Alors que les grands indices ont enregistré une progression quasi continue depuis le début de l’année (+20% pour le Dow, +30% pour le Nasdaq, +24% pour le CAC 40 et le Dax à Francfort), ils ne sont que 4% à ne pas croire à une correction de marché en 2020. Ils sont 48% à penser que ce sont les marchés d’actions qui connaîtront une telle correction l’an prochain et 46% à anticiper une chute de la valeur des crypto-actifs.
Le Bitcoin, le plus connu des crypto-actifs et la plus forte capitalisation de ce jeune marché (135 milliards de dollars), a presque doublé cette année, passant de moins de 4.000 à 7.500 dollars, dépassant même les 10.000 dollars cet été.
« Il semble que la pensée des institutionnels se prête à la physique newtonienne. Les investisseurs croient que ce qui monte va inévitablement baisser » observe Natixis IM.
L’un des points saillants de l’étude est l’inquiétude généralisée des institutionnels du monde entier à l’égard du niveau record de la dette publique : 89% s’en disent préoccupés. Quand il s’agit des risques pesant directement sur leur portefeuille d’actifs en 2020, ils identifient les tensions commerciales (73%), le ralentissement de la croissance et l’environnement de taux bas : 6 institutionnels sur 10 pensent que cela impactera la performance de leurs investissements. Les bulles sur certains actifs (immobilier, private equity, etc) aussi.

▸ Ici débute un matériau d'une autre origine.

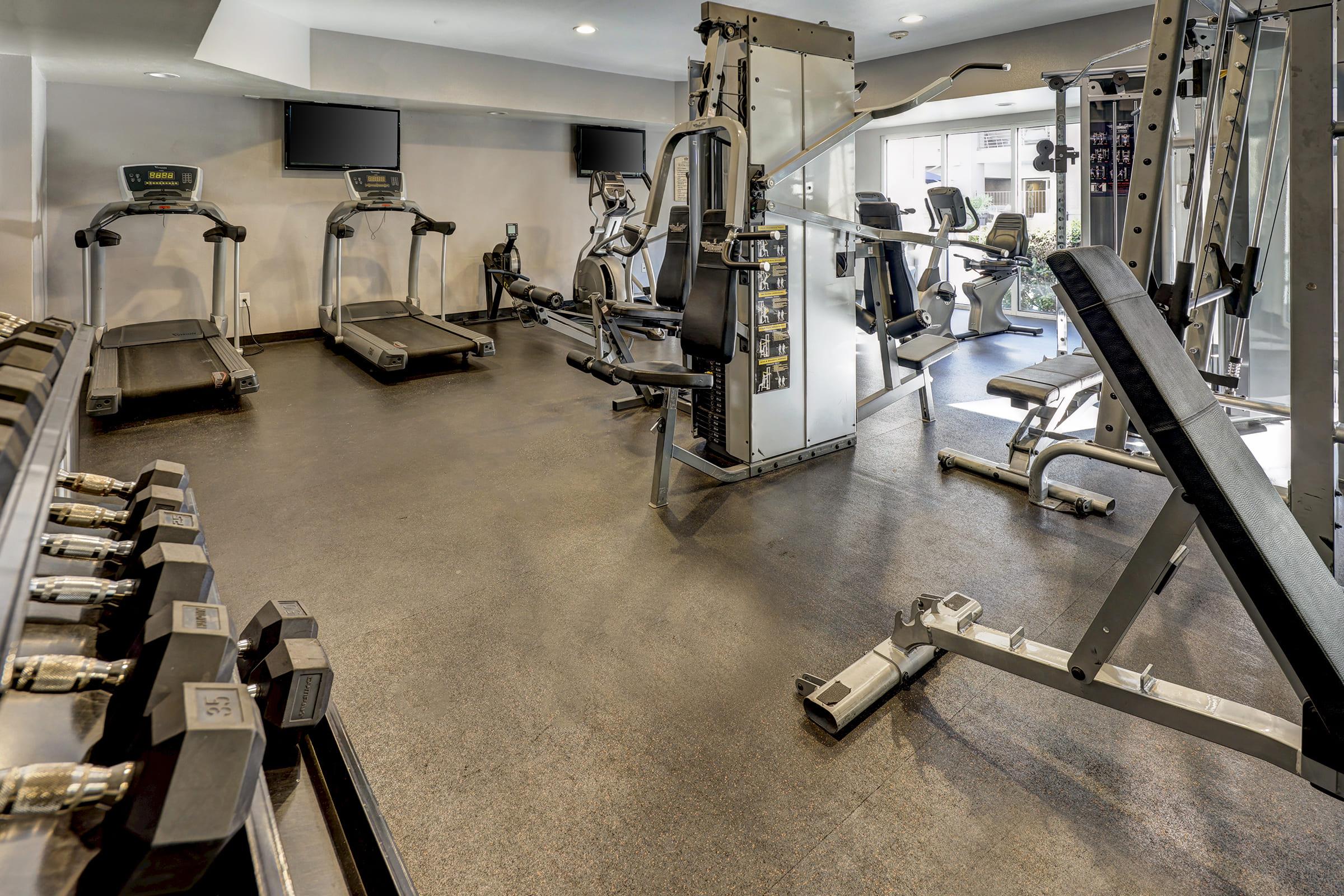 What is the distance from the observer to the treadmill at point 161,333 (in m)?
4.75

Les risques cachés des fonds indiciels
Plus de la moitié de ces investisseurs de long terme s’attendent à une plus forte volatilité l’an prochain : dans cet environnement, ils privilégient la gestion « active » (choix de catégories d’actifs, de types de valeurs, de secteurs, de régions, etc), à 70%, et diminuent l’allocation dévolue à la gestion passive (qui réplique les indices).
« 74% des institutionnels estiment que les investisseurs individuels ont un faux sentiment de sécurité à propos des fonds indiciels » relève l’étude.
Les encours en gestion passive ont bondi depuis la crise financière, passant de 1.000 milliards en décembre 2009 à 6.000 milliards de dollars dix ans plus tard selon une récente étude d’EPFR/Informa. L’essentiel reste concentré sur le marché américain (4.200 milliards des encours sont domiciliés aux Etats-Unis) où les BlackRock et autres Vanguard ont séduit grands et petits investisseurs, avec des frais de gestion très bas.
Les institutionnels interrogés par Natixis IM (lui-même spécialiste de la gestion active) « voient des risques importants dans les flux démesurés vers des investissements : 64% disent qu’ils amplifient la volatilité, 54% pensent que le marché ignore les fondamentaux et 57% craignent que le phénomène ait concentré le contrôle entre les mains d’un trop petit nombre d’actionnaires« .
Certains investisseurs estiment que la gestion passive peut rendre les marchés plus irrationnels, à la hausse comme à la baisse, plus sujets à des effets moutonniers d’achats aveugles ou de ventes massives de panique.
Plus généralement, les institutionnels s’inquiètent des réactions des investisseurs individuels : ils sont 75% à penser que les craintes de récession pourraient amener des petits porteurs à liquider prématurément leurs actifs, 78% à dire que « les particuliers ne comprennent pas leur propre tolérance au risque » et 77% à considérer qu’ils ont « des attentes irréalistes de rendement. »
Malgré leurs craintes d’une correction voire d’une crise financière mondiale, les investisseurs institutionnels interrogés n’ont pas l’intention à ce stade de changer de façon significative la répartition de leurs actifs, restant très investis en produits de taux (38,7% en 2020 contre 39,1% en 2019) et en actions (35,8% contre 36,5%), en augmentant un peu la part des actifs alternatifs (dette privée, infrastructures, immobilier, private equity, etc).